Rather than sit back down at my desk, I sat down on my bed and braced my hands against the mattress to keep myself upright. Avery for her part wheeled my desk chair over so that it was adjacent to my knees and sat down, perching on its seat like a bird might. “Dad said you’re sick,” she said, getting straight to the point – something that nearly made me laugh out loud. My sister was twenty-seven now, no longer the almost-teenager she’d been when I’d left, but she’d barely changed. She was still just as straightforward as she’d been all those years ago.
“That’s a serious understatement, Ave,” I said. “I…” My voice faltered, and I scrubbed a hand over my face. “You know what leukaemia is, right?”
“Yeah, but what does that have to-” She suddenly broke off, and I knew she’d realised why I’d asked her that. One of her hands went to her mouth, and her eyes started to fill with tears. “Oh God, Taylor, no…”
“I wish I was kidding,” I said quietly.
“But they can treat it, right? That was why you and Mum and Dad went out this morning – you went and saw a doctor, yeah?”
“A…a haematologist, yeah – I have to have chemotherapy starting on Monday.” I could feel tears pricking at my own eyes, and I pulled my left shirtsleeve down over my hand and swiped at them. “It just…it might not be enough.”
“What’s that supposed to mean?”
“It means I’m probably going to die from this, Ave.” I dropped my gaze, not wanting Avery to see the tears in my eyes or how scared I was. “If I don’t have a stem cell transplant done, at most I’ve probably got about eighteen months left.”
I didn’t miss the shocked gasp that Avery let out at this. “Y-you’re not dying, Taylor,” she said, her voice shaking. “Y-you can’t…”
“C’mere,” I said softly, not expecting my sister to let me hug her, but she did anyway. I stroked her hair as she cried into my shoulder, much like Mum had done for me the previous morning. “I’m sorry, Ave. I really am.”
“Promise me you’ll fight this,” she said, her voice a little muffled by my shirt.

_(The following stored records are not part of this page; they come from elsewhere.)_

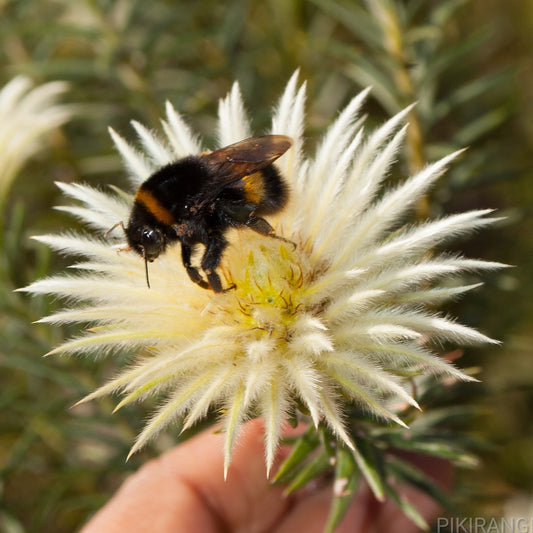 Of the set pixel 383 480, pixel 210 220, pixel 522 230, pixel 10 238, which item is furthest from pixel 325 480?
pixel 522 230

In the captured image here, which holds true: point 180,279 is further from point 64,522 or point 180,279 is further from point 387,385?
point 64,522

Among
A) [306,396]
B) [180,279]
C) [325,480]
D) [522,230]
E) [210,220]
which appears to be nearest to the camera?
[306,396]

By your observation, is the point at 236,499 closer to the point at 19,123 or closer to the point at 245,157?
the point at 245,157

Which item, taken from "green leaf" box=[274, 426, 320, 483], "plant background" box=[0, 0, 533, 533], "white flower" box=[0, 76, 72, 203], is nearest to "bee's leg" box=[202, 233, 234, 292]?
"green leaf" box=[274, 426, 320, 483]

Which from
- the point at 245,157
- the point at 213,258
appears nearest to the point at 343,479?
the point at 213,258

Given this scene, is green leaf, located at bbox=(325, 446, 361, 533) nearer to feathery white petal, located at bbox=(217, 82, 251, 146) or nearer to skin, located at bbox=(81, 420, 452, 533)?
skin, located at bbox=(81, 420, 452, 533)

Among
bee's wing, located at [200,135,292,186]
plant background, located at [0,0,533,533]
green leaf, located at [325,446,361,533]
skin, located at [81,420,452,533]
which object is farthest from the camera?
plant background, located at [0,0,533,533]

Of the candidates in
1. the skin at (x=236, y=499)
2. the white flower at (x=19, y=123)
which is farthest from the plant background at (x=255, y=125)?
the skin at (x=236, y=499) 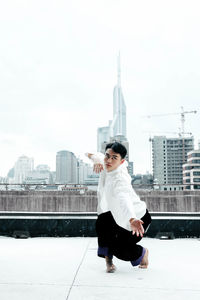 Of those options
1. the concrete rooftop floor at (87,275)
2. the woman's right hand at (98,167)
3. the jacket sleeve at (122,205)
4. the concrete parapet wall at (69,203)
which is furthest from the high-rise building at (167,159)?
the jacket sleeve at (122,205)

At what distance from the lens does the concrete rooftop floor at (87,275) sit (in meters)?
2.54

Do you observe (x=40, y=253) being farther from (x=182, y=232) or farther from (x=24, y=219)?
(x=182, y=232)

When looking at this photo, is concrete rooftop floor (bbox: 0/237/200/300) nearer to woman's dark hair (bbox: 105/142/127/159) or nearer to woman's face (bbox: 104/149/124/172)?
woman's face (bbox: 104/149/124/172)

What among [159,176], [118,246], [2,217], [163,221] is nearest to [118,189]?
[118,246]

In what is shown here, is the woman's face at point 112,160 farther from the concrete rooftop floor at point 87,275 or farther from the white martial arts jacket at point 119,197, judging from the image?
the concrete rooftop floor at point 87,275

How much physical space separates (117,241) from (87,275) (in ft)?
1.48

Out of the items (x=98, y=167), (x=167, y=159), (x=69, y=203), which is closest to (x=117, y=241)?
(x=98, y=167)

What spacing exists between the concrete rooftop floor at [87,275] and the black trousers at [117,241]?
0.18 meters

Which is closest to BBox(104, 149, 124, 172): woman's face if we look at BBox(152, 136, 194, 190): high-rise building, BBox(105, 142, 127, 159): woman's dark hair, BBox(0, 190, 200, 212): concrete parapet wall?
BBox(105, 142, 127, 159): woman's dark hair

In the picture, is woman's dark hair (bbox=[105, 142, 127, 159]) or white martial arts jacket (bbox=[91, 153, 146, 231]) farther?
woman's dark hair (bbox=[105, 142, 127, 159])

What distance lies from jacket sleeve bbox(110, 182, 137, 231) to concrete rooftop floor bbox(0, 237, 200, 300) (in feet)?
1.76

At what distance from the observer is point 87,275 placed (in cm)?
316

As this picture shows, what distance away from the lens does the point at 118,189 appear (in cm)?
331

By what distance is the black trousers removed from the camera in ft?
10.9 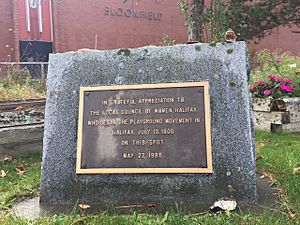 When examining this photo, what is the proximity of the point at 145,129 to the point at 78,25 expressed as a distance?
16.4 metres

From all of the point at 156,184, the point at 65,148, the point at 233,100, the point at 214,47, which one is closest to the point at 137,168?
the point at 156,184

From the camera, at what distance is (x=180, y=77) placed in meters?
2.79

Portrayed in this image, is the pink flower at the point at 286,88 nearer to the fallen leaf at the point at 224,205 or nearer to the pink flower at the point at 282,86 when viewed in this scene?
the pink flower at the point at 282,86

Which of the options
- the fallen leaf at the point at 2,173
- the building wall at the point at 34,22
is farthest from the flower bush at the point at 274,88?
the building wall at the point at 34,22

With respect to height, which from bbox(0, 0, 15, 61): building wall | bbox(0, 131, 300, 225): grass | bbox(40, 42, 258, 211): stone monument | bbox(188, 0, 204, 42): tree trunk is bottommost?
bbox(0, 131, 300, 225): grass

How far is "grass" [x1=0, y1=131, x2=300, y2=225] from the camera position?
2.25 m

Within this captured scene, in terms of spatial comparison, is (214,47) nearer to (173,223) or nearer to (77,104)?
(77,104)

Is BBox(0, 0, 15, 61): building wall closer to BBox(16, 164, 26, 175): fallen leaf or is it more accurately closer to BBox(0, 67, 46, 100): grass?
BBox(0, 67, 46, 100): grass

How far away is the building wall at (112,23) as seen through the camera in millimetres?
17781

“With everything that I’ve got,” I promised, and I pressed a kiss to the crown of her head. “I’m not letting it beat me that easily.”
That night, right before I went to bed, I checked my phone to see if Shanna had texted me yet – and sure enough, she had.
Flight booked for the 31st – virgin australia 556 leaving perth 10:25am local time, due into sydney 5:35pm. The next message after the one with her flight details almost seemed like an afterthought. You like your name, right?
I like my middle name a bit more than i do my first name, but yeah, I typed into a new reply. Why?
So you wouldn’t object to a hypothetical kid of ours having your first name, then?
Shan, what are you saying?
Almost as soon as I’d sent that message my phone started ringing, the caller ID reading Shan. I didn’t even hesitate in answering. “Okay Shan, spit it out,” I said. “What exactly are you saying?”
“I’m late,” Shanna replied.
“What?”
“Taylor, I’m late,” she repeated, putting particular emphasis on that last word. “I was supposed to start my period a week and a half ago – I thought I might have been late because I’ve been worried about you being sick and all that, but-” She broke off and took a deep breath. “When you called me this morning, I was on my way to see Dr. Martin. I already took a test at home yesterday and it was positive – Dr. Martin confirmed it.” She let out a slightly hysterical giggle. “I’m pregnant, Tay.”
“Holy shit,” I whispered. “That’s why you wanted to know if I like my name?”
“Yep.” She was quiet for a moment. “Are you okay with this? I know we haven’t really talked about it that much, and with everything you said this morning about how you might not have much time left…” She trailed off, and I almost thought I could hear her start to cry. “We don’t have to do this.”
“Don’t you dare,” I said. “Shan, I want this. Okay?” I scrubbed a hand over my eyes. “I’m going to fight even harder now, because I want to be around to see my kid grow up.”
“You promise you’ll fight?”
I nodded, even though I knew Shanna couldn’t see it. “I promise.”